I was smitten with this guy. He was passionate about so many things, and he appeared to live his life on the same carefree level that I did. But I should’ve known that things don’t always work for the best because two people appear to be in the same boat, especially when the other person lives in his own dream world filled with just as little respect for responsibility as mine.

What started as my first real relationship ever turned quickly into a learning experience that I wish wasn’t my sole reference to what dating was like. It didn’t take long for me to see that what was occurring between me and this guy wasn’t anything special to him. But being the doormat I used to be, I didn’t have enough respect for myself to demand better treatment or to hold the belief that I deserve someone who values me as a human being.

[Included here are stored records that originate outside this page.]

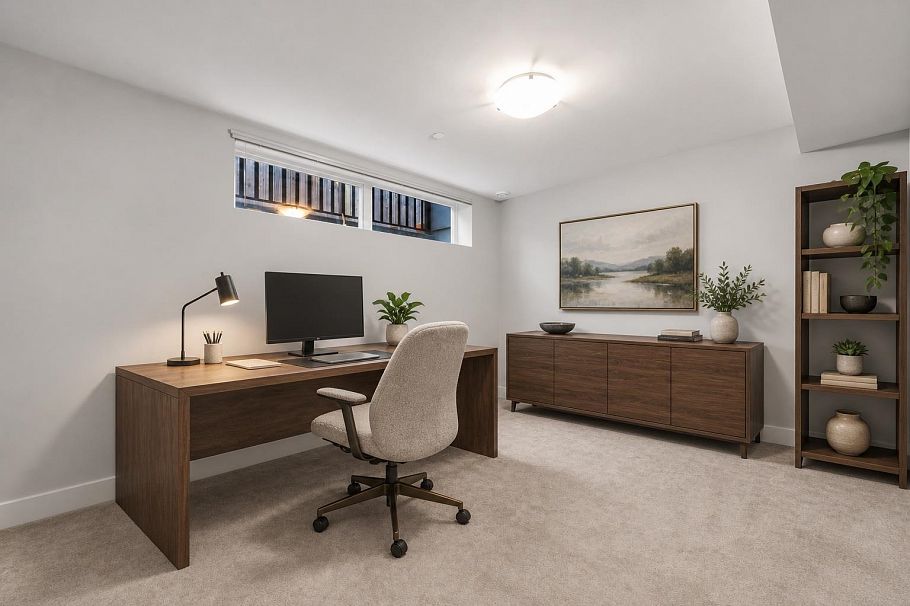 2483 W 22nd Avenue Vancouver, BC - 34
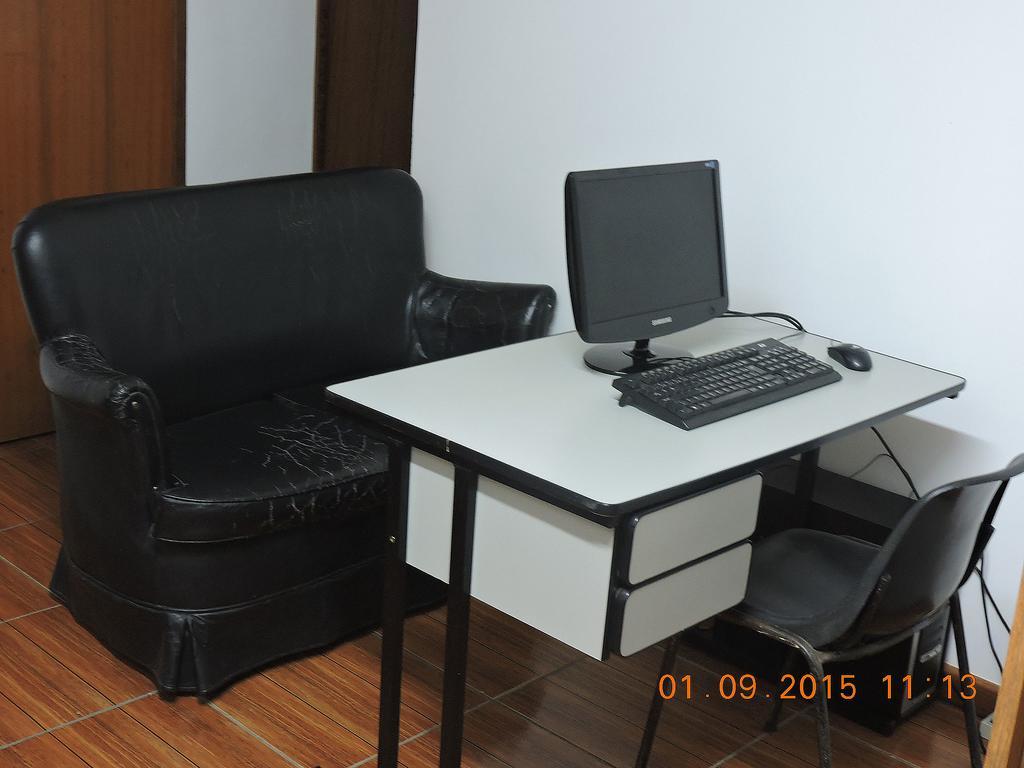 Pousada Queiroz Petrópolis Exteriör bild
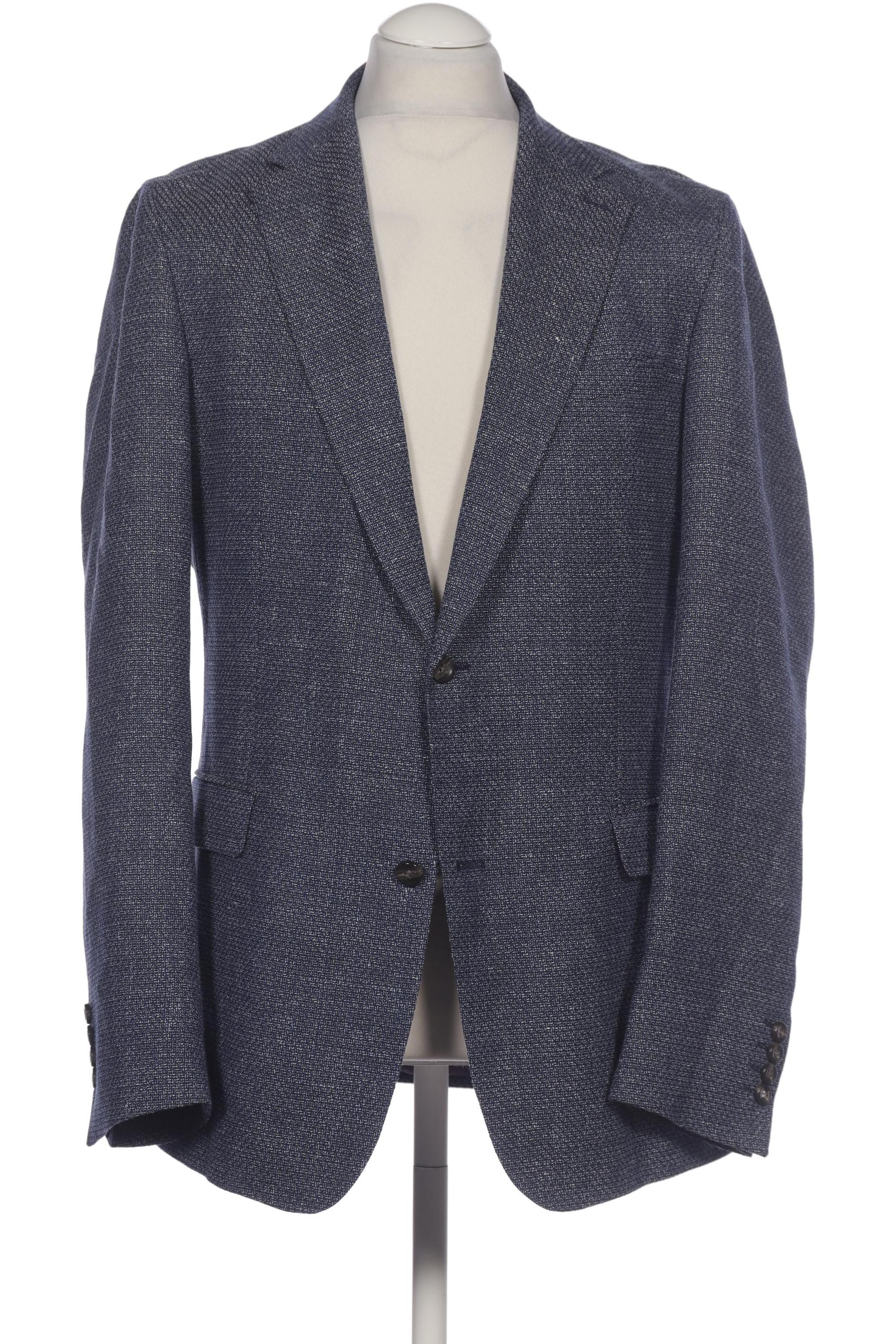 

Strellson Herren Sakko, marineblau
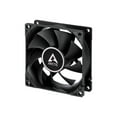 thumbnail image 1 of ARCTIC F8 PWM 80mm PWM Case Fan PWM-Signal regulates Fan Speed, 1 of 5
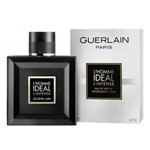 Ficha técnica e caractérísticas do produto Perfume Guerlain Ideal L`Intense Edp 100Ml Masculino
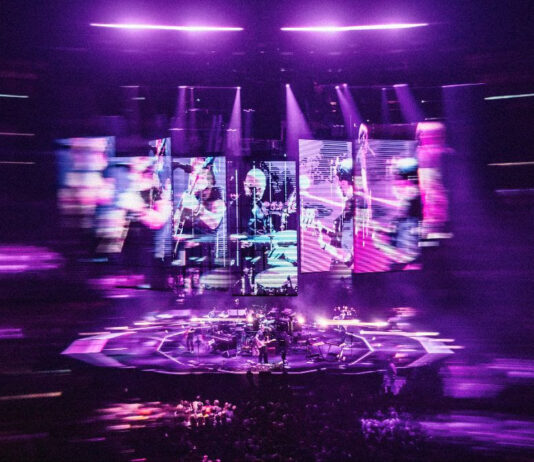 Radiohead’s Most effective 2027 Displays Will Be In Australia, Japan
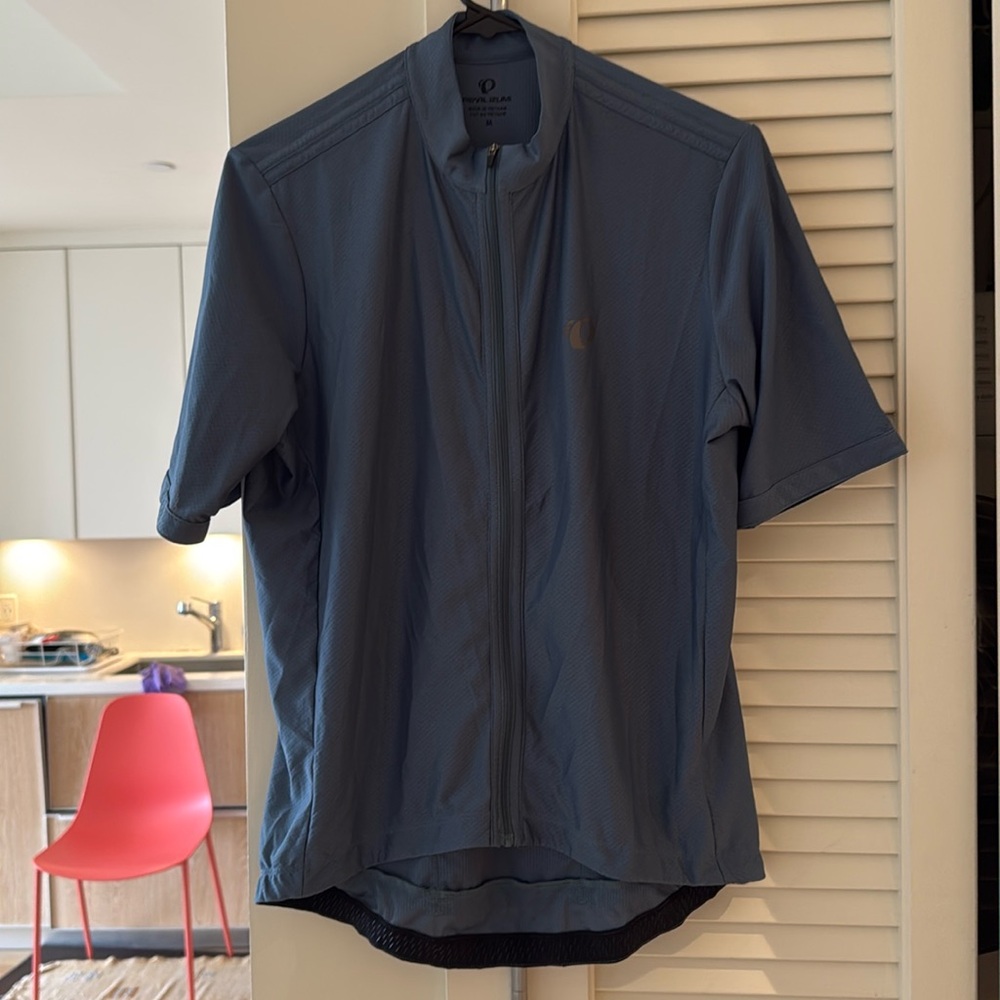 Pearl Izumi Men’s Cycling Jersey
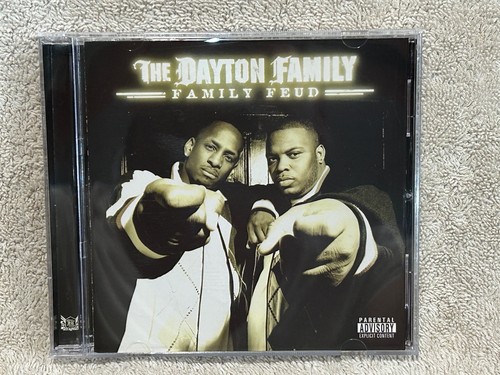 The dayton family - dayton, family,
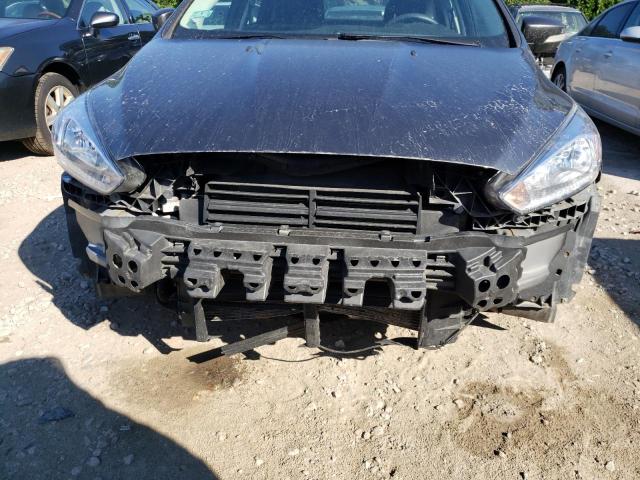 Photo 9 from auction – 2016 FORD FOCUS SE with VIN 1FADP3F26GL389037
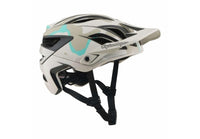 TLD A3 Mips Helmet Halo (26.1 Model)-The Cycling Fix
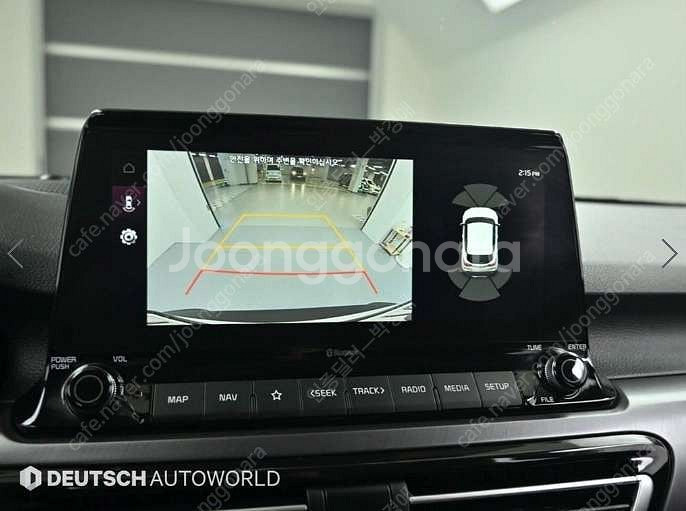 중고차 기아 셀토스 1.6 가솔린 2WD 프레스티지 부...--6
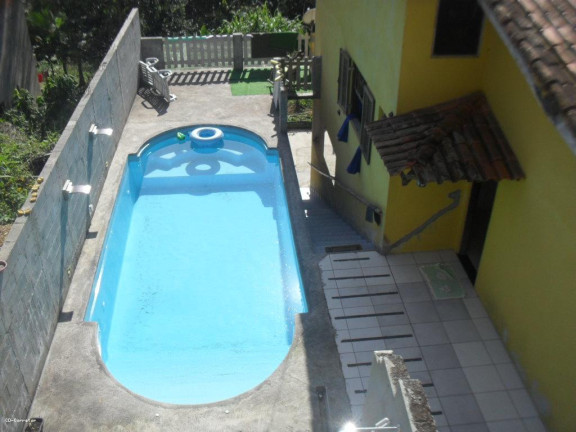 Imagem Casa com 3 Quartos à Venda, 918 m² em Roncon - Ribeirão Pires Imagem Casa com 3 Quartos à Venda, 918 m² em Roncon - Ribeirão Pires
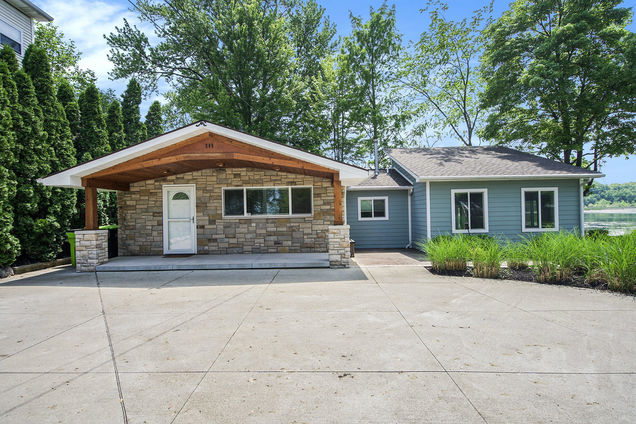 209 Charlotte Drive Novi, MI House Sold - Photo 1 of 1. Opens carousel modal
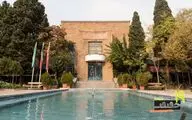 خانه هنرمندان ایران، خانه مجموعه عکس مستند «سینماحقیقت» می‌شود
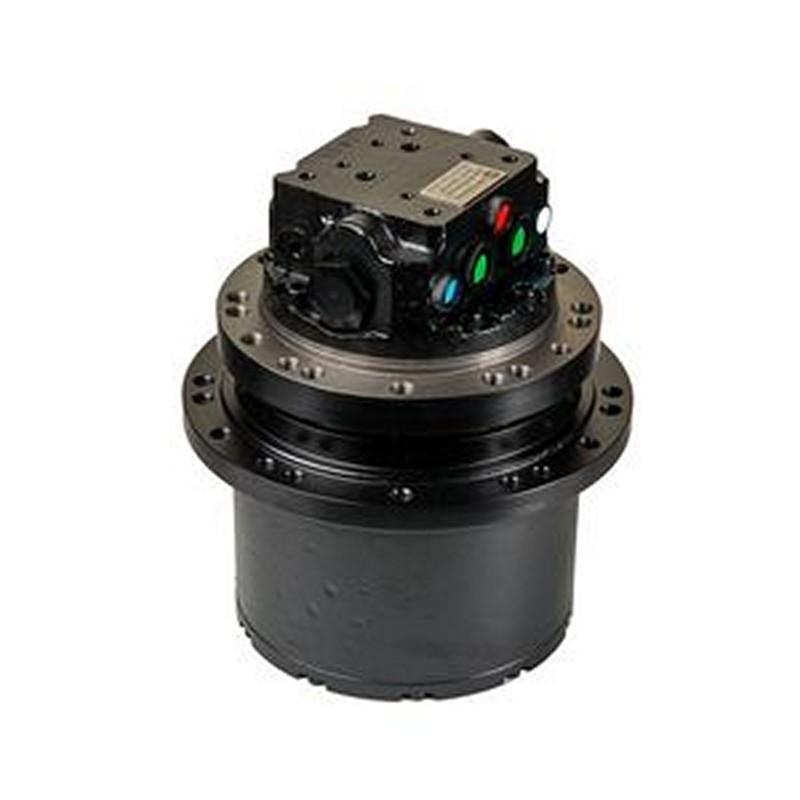 Travel Gearbox With Motor RC661-61602 for Kubota Excavator KX91-3S2 U35-3S2 KX91-3S2CA U35-S2CA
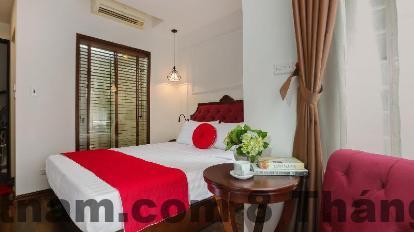 Đánh giá Hanoi La Vision Hotel 2026: Ở phố cổ Hà Nội có thật sự đáng tiền? 1 2282348 17070716450054316958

In a way, I’m thankful for our unhealthy relationship and endless cycles of separating and hooking up that have plagued me throughout most of the school year, because in the end, it forced me to take a deep look at the pathetic pattern I was allowing to control my life.

In February, after one last hoorah together, I decided enough was enough. I thought about how May graduation was approaching quickly and that soon I’d be

living on my own and dealing with problems without the luxury of ditching classes, avoiding homework and lying in my room all day crying. When I thought about the new job I would begin in June, I came to the conclusion that if I pulled the same overused coping mechanisms, I’d be fired and replaced in no time.

Though it was hard for me to take that first step, I decided to swallow my overinflated pride and get some counseling at the Psychological Services Center on campus. First of all, it’s free to full-time students, but more importantly, making the decision to get professional guidance helped me realize that I take my life seriously and that I love myself enough to make some changes in my life for the better. It wasn’t just the break-up that fueled me to seek help; it was years of being a pushover and being dishonest and ashamed with who I was.

It was extremely difficult to admit to another person that I couldn’t handle my own problems, but I was incredibly lucky & my counselor was great. She helped me realize that my emotions are valid and that things that happened to me in the past were worth sharing so I could finally understand the situations and my pattern of reactions to them.

Basically, she made me feel special at a time when I felt anything but that. I soon looked forward to my 50 minutes of undivided attention where I could figure out my personal goals and uncover all the facets of my personality & whether I liked them or not.

I only told a select few of my counseling because I was afraid people would think I was unstable or weak if they knew. But now, I’m not ashamed to admit that I needed a little help at a point in my life where everything from Calculus to shopping made me feel lost and hopeless.

This week I had my last counseling session, and fittingly enough, this is my last column at the Northern Star. I now look forward to graduating and leaving college in a much happier state than when I started this school year. Though I wish I didn’t have to live through some of the troubling moments I’ve encountered this year, those bad experiences led me to get help so I know how to avoid or deal with trying situations in the future, while respecting my needs in the process.

I guess I really don’t need those superhuman powers of youth anymore & I now have self-respect instead.